Laub, J., Macke, J., Müller, K.-R., & Wichmann, F. (2007). Inducing Metric Violations in Human Similarity Judgements. In B. Schölkopf, J. Platt, & T. Hoffman (Eds.), Advances in Neural Information Processing Systems 19 (pp. 777-784). Cambridge, MA, USA: MIT Press.


Zitierlink: https://hdl.handle.net/11858/00-001M-0000-0013-CBE7-3
Zusammenfassung
Attempting to model human categorization and similarity judgements is both a very interesting but also an exceedingly difficult challenge. Some of the difficulty
arises because of conflicting evidence whether human categorization and similarity judgements should or should not be modelled as to operate on a mental representation that is essentially metric. Intuitively, this has a strong appeal as it would allow (dis)similarity to be represented geometrically as distance in some internal space.
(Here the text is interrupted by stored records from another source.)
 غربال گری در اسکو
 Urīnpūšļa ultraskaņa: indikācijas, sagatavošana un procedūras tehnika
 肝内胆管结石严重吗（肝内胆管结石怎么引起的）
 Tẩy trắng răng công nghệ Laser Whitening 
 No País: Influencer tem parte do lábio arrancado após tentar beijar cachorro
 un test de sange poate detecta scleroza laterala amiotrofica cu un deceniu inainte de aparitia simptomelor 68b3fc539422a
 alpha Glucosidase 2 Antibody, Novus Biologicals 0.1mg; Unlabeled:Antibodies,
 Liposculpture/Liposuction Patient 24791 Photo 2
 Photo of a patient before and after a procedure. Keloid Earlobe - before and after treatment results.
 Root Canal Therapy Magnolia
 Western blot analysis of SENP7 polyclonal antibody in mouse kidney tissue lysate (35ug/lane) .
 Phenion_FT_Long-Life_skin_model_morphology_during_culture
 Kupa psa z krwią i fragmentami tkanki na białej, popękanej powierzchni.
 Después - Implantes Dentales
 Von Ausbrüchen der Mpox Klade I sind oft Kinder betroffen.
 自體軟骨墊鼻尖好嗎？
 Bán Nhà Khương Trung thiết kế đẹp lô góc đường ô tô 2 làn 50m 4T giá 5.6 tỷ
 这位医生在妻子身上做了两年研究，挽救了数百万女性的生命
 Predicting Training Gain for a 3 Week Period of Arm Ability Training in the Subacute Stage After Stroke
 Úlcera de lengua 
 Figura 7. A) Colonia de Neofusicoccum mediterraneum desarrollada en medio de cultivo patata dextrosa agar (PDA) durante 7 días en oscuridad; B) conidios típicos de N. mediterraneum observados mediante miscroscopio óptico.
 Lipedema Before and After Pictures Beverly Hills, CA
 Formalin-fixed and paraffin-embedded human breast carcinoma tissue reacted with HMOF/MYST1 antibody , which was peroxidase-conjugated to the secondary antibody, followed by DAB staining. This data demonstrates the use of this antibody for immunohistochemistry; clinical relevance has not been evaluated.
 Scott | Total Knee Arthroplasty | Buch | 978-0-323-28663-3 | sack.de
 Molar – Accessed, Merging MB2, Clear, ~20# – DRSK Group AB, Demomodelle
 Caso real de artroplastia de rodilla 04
Here we show how a single stimulus, carefully constructed in a
psychophysical experiment, introduces l2 violations in what used to be an internal similarity space that could be adequately modelled as Euclidean. We term this one
influential data point a conflictual judgement. We present an algorithm of how to analyse such data and how to identify the crucial point. Thus there may not be a
strict dichotomy between either a metric or a non-metric internal space but rather degrees to which potentially large subsets of stimuli are represented metrically
with a small subset causing a global violation of metricity.